Eight kilometres beyond Massa is Viareggio, an unlovely, incipient seaside resort for dwellers in the Tuscan towns; but a historic spot nevertheless, and interesting from that viewpoint at any rate.
Viareggio has no villas or palaces of note, and its chief associations for the traveller lie in its memories of Shelley and Ouida, the Marquise de la Ramée. There is a monument, erected to Shelley in 1894, commemorating the fact that he was drowned here, in the Tyrrhenian Sea, and his body consumed by fire, on the shore.

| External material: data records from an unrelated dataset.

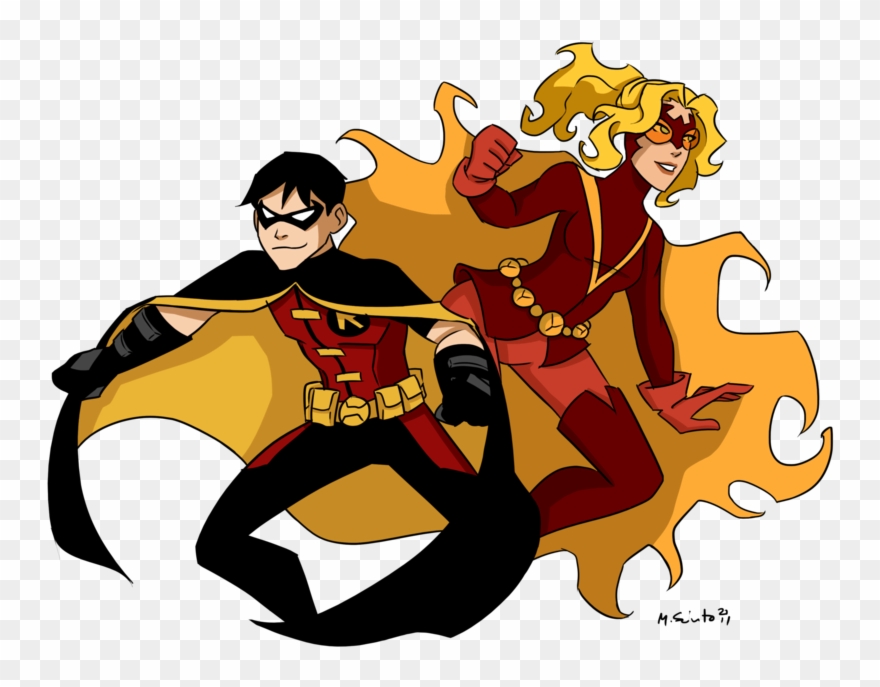 Quick Robin And Flamebird [link] From Young Justice - Flamebird Young Justice Clipart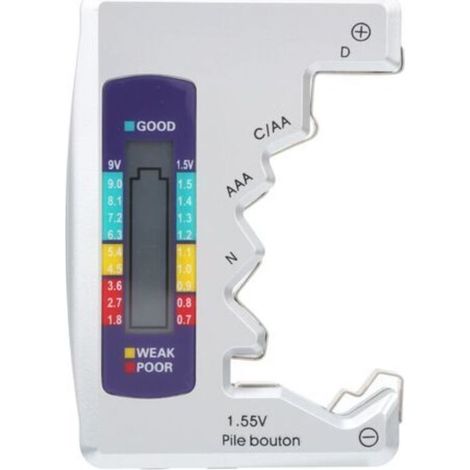 Testeur de Batterie, Vérificateur Universel de Piles Petit Testeur de Piles pour Batterie au Lithium C/D/9V/AA/AAA/1.5V - Testeur de Batterie pour Batteries Domestiques (1/4)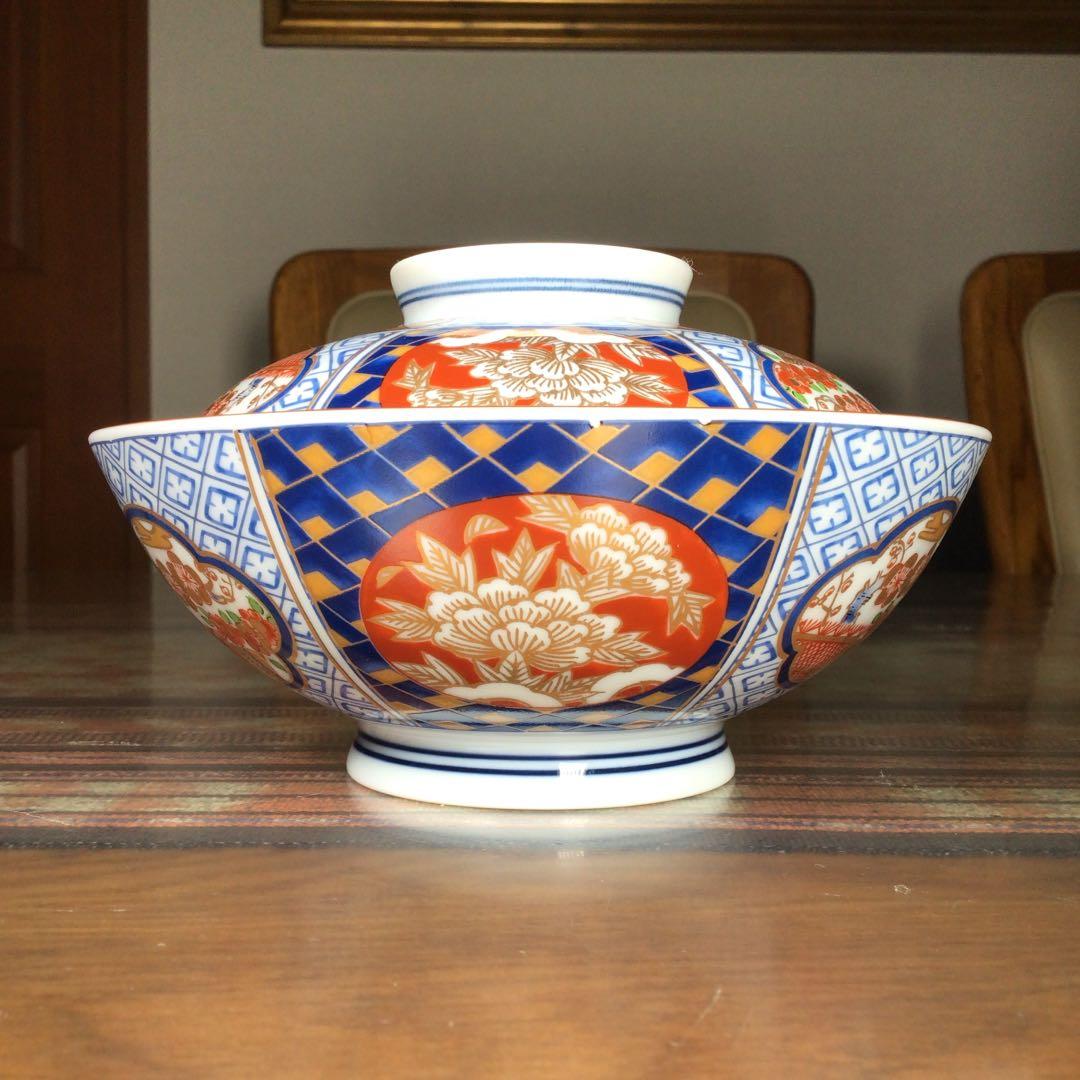 サクラうー特価』美濃焼庫山窯蓋付どんぶり5客鶴金彩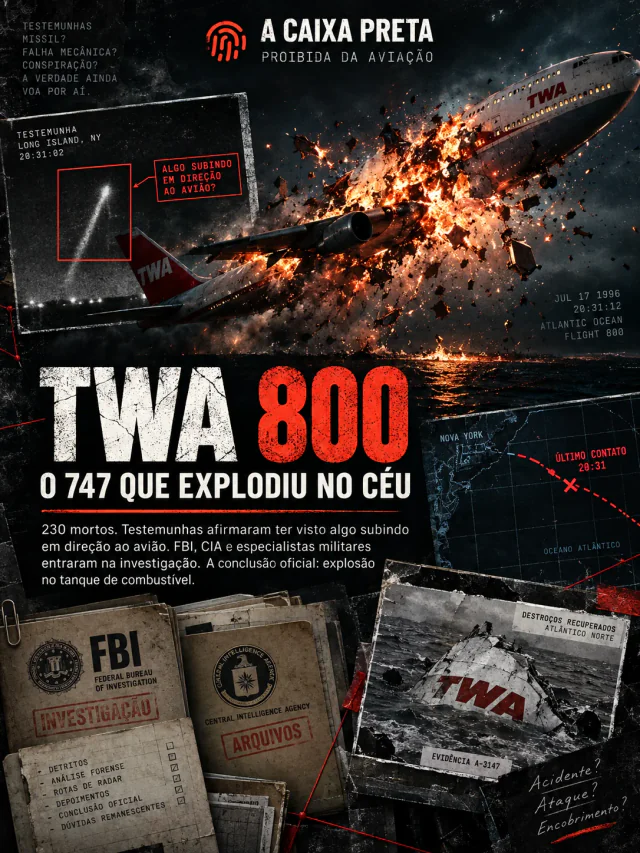 Capa do dossiê TWA 800 — O 747 que explodiu no céu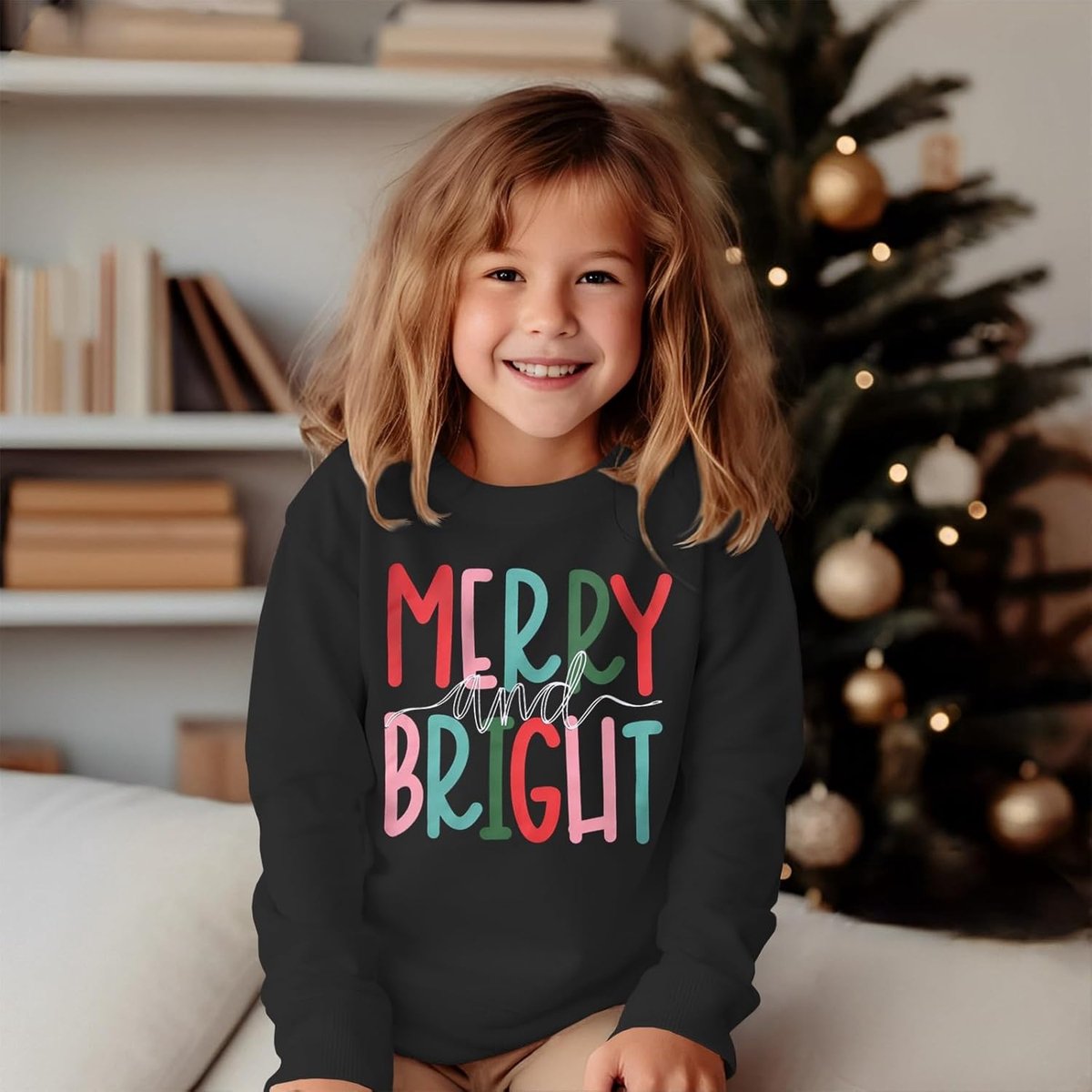 C&M WODRO Kersttrui voor kinderen, Merry Bright printer, sweatshirt, uniseks, jongens, meisjes, kleding, katoen, warme trui, ronde hals, lange mouwen, feestelijke trui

It was in the village of Massarosa, near Viareggio, that that much-abused and very abusive old lady, Ouida, the Marquis de la Ramée, died in January, 1908. Since 1877 she had made Italy her home, and for years she had lived here alone, not in poverty or misery, for she had a “civil pension” which was more than sufficient to keep the wolf from the door. She died miserable and alone however. Ouida was a more real, more charitable person than she was given credit for being. She didn’t like the English, and Americans she liked still less, but she loved the Italians. Whose business was it then if she chose to live among them, with her unkempt and unwholesome-looking dogs and her slatternly maid-of-all-work? Ouida, as she herself said, did not hate humanity; she hated society; and she had more courage than some of the rest of us in that she would have nothing to do with it.
The vineyards lying back of Viareggio may not be the most luxuriant in Italy, but they blossom abundantly enough.
Lucca is thirty-five kilometres from Viareggio and the road still bad—on to Livorno, turning to the right instead of the left at Viareggio, it is worse.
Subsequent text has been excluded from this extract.